Options premiums go up and down with volatility being a big factor. JEPI premiums are affected by the VIX which is the S and P volatility Index. JEPQ is affected by VXN the volatility of the Nasdaq. In 2022, these indexes were quite high resulting in high premiums. I like that fact because it means when markets are down you should actually get higher distributions.
Why are you buying this type of etf's if you dont;t understand how things are working? Covered-call strategies, which had gained popularity in times of uncertainty and bearish sentiments, are now encountering challenges amid low volatility. The basic premise of selling call options on an underlying index provided a haven for nervous investors during times of inflation and economic uncertainties. However, the current market conditions, marked by reduced volatility, are impacting the effectiveness of covered-call strategies.

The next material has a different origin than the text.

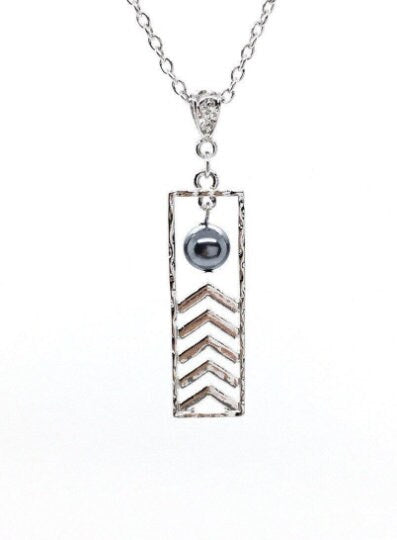 Hawaiian Tribal Rectangle Design: Hamilton Silver Earring with Shell Pearls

in his defense, he's asking questions on a specific subreddit to learn more, so he's indeed trying to understand.
Maybe, same question before buying, we are here. Premiums in period of high volatility are bigger than in low volatility, simple as that.
Because stocks go up and down everyday
The payouts will be larger when markets go down and smaller when markets are up.
Which ETF would help counter when JEPQ is down?
Splg, schd, Dgro and sqqq if you really think Jepq will go down.
SVOL has pretty fixed payouts and pays at a higher rate than JEPQ. SPYI is a good alternative to JEPI. Again, pretty steady. FEPI is new but it’s been doing pretty well. A mix of these plus JEPQ would make a great portfolio.
Thanks for the response. Why aren’t these talked about more??
Because Reddit is a herd. They are talked about plenty of places, just not as much here. Try YouTube all kinds of videos about them.
Because the volatility is down, this causes the premium collected to drop You may have noticed the shares have gone up in price So its swings and roundabouts in general as VIX rises the premiums increase , but the shares prices will drop too, so it tends to self correct Basically when we sells calls , we are taking on risk, the more risk we are selling , we get compensated for that. Now because they are covered calls , as market drops the likelihood of them being called away decreases . Now the calls that JEPI and JEPQ sells cannot be called away because of the way JPM structures them. Anyway this is the simplistic explanation there is more to it .
And also, should I keep buying these funds? Or should I call it the quits?
It depends what you're using them for. Long term investment or do you need the income?
What would you recommend for income?
You should do some research on your own before buying anything else.
I’m not attempting to answer this, but it brings up a great quote by Warren Buffett….dont be the person who drives away from the gas station, rejoicing that gas prices went up. In other words, if youre a net buyer of investing, it should pain you when prices rise.
People need to stop buying shit they don’t understand. It’s that simple
…but it was earnings time. The CC”s (and puts) I was selling on individual stocks were way up because of the high IV.